Que la réponse de l’UE à l’autoritarisme chinois ait été trop faible jusqu’à maintenant se comprend : après tout, le commerce avec la Chine est vital pour l’économie européenne. Quels risques économique et géopolitique court l’UE si elle décide d’assumer sa force face à la Chine ? Quels risques court-elle si elle ne le fait pas ?
Vous oubliez que la réciproque est encore plus vraie. L’Union Européenne est le premier partenaire commercial de la Chine. Ce débouché est d’autant plus vital que les Etats-Unis lui font obstacle. Le projet des Routes de la soie visait initialement à créer un axe privilégié de part et d’autre de l’Eurasie. Aujourd’hui, ce projet est au point mort. Nous allons assister à un repli tant de la Chine que des Etats-Unis. C’est désormais une opportunité pour l’affirmation d’une Europe-puissance. Si elle ne le fait pas, elle sera menacée d’anéantissement. Mais l’Union Européenne doit d’abord s’armer psychologiquement en considérant une bonne fois pour toute qu’elle n’a pas d’amis mais bien des intérêts. Historiquement, il n’est pas inutile de rappeler que l’expérience de l’un des pères fondateurs de l’Europe, Jean Monnet, s’est d’abord acquise au contact de l’Asie en tant que conseiller de la Chine nationaliste. Solide pragmatisme mis à l’épreuve de la guerre, qui lui aura permis in fine de porter haut les valeurs de la démocratie et de la réconciliation entre les belligérants d’hier. C’est à ces fondamentaux que nous devons revenir et qui doivent nous guider dans chacune de nos négociations, et de nos visées dans nos rapports à la Chine.
Confronté à un gouvernement chinois qui croit en l’ordre mais pas aux règles et un président américain qui ne croit ni à l’un ni aux autres, quelle stratégie l’UE doit-elle développer pour s’affirmer à l’international et notamment face à la Chine ?

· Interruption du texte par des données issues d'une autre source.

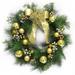 The Holiday Aisle® 24" Deluxe Ornament Berry Pine Wreath Traditional Faux in Yellow | 24 H x 24 W x 6 D in | Wayfair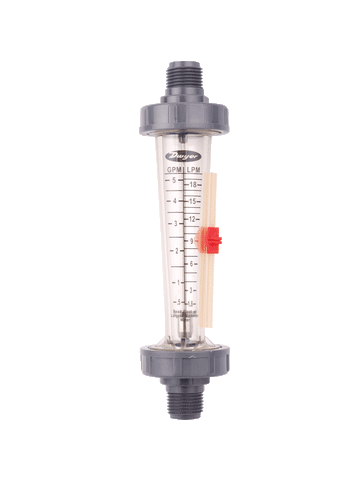 Dwyer LFMC-08-A2 Polycarbonate flowmeter | range 0.5-5 GPM (1.8-18 LPM) water | 1/2" male NPT | 316 SS float.  | Blackhawk Supply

En un mot, le pragmatisme doit nous accompagner dans chacune de nos démarches et en pariant sur le temps long. Les régimes politiques comme les hommes passent. Les pays restent. La Chine avec ou sans Parti Communiste sera toujours la Chine: impériale, narquoise et indifférente au sort du monde. Les Etats-Unis avec ou sans Donald Trump seront toujours les États-Unis: conquérants, suffisants et brutaux. L’Europe, elle, sera toujours le creuset d’une histoire inédite : universalité, droits de l’homme mais aussi premières expériences totalitaires. Bref, si nous voulons savoir où aller, avec qui et comment nous adresser, nous devons nous souvenir de qui nous sommes et nous assumer comme tels. Notre force réside dans notre hétérogénéité. L’unité dans la diversité ou l’esprit d’une fédération ferme dans ses choix et respectueuse des différences. Le monde nous regarde. A nous de l’inspirer en tant que force de propositions.